Honda's compact electric vehicle prototype won't be the only adorable little urban EV at the Geneva Motor Show, it turns out, with an even more charming mini-truck set to debut alongside it. The Honda Tomo is a vision of the personable electric vehicle of the future, just as much at home in the tight confines of the city as it is venturing outside.

Like the Honda compact electric vehicle prototype – and the Honda Urban EV Concept before it – it's a smaller, more personality-filled vision of transportation. Specifically, the Tomo EV is an all-electric mini truck, with a pickup style trunk. That could be switched from an open bed to an enclosed section, depending on how the car needed to be used.

What the Honda Tomo, spotted by Jalopnik, isn't, though, is an official Honda concept. Instead it's the handiwork of a group of students on the Master in Transportation Design course at IED Torino. It was challenged by Honda to come up with a vision of next-generation "fun" driving.

The IED team came up with a ute that shouldn't take up too much space in urban environments. Just over 13 feet in length, 6 feet in width, and a smudge over 5 feet tall, it's styled with ideas of fitness wearables and personal technology in mind. Somewhat fittingly for the current trend of SUVs calling themselves coupes, it blends together the silhouette of both a two-door and a mini-pickup.

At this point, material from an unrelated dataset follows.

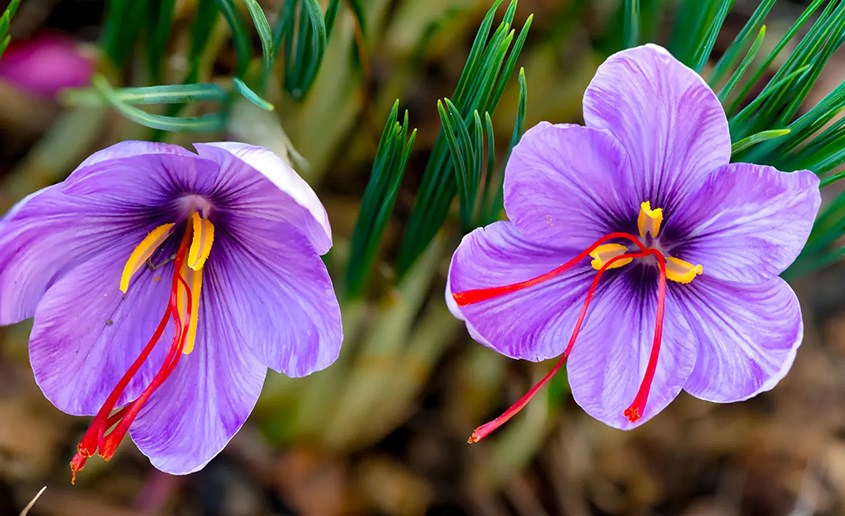 Saffron còn được gọi là nhụy hoa nghệ tây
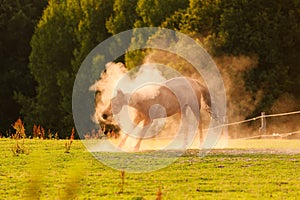 A horse frolicking in the dust on a meadow at sunset photo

"Tomo was designed for a new market segment where age doesn't count," the IED team says. "It seeks to spark the interest of new generations who increasingly have a non-traditional occupation, who want to experience their car in a fun and useful way."

Honda and the IED students will make a 1:1 scale model of the concept car, to bring along and display at the Geneva Motor Show 2019 in early March. It's unclear at this point whether the mock-up will have an interior, though the students have some ideas there too as to what it should include.

Taking into account modern familiarity with touchscreens over physical controls, Tomo has displays across multiple surfaces along with a head-up display. It sounds like it's still some way from the somewhat more production-ready dashboard we're expecting of the compact electric vehicle prototype, which Honda previewed earlier this week. Still, it also sounds like any sort of vehicle like Tomo would be some way away from dealerships, too.

That's a shame, as the idea of an electrified urban pickup isn't necessarily a bad one. Part of the potential of EVs is that the architecture lends itself to more flexible and imaginative form-factors: see, for instance, VW's decision to make an electric dune buggy based on the same MEB platform that will underpin more mainstream cars like crossovers and hatchbacks. The market may not quite be ready for a production Tomo, but hopefully it will be one day soon.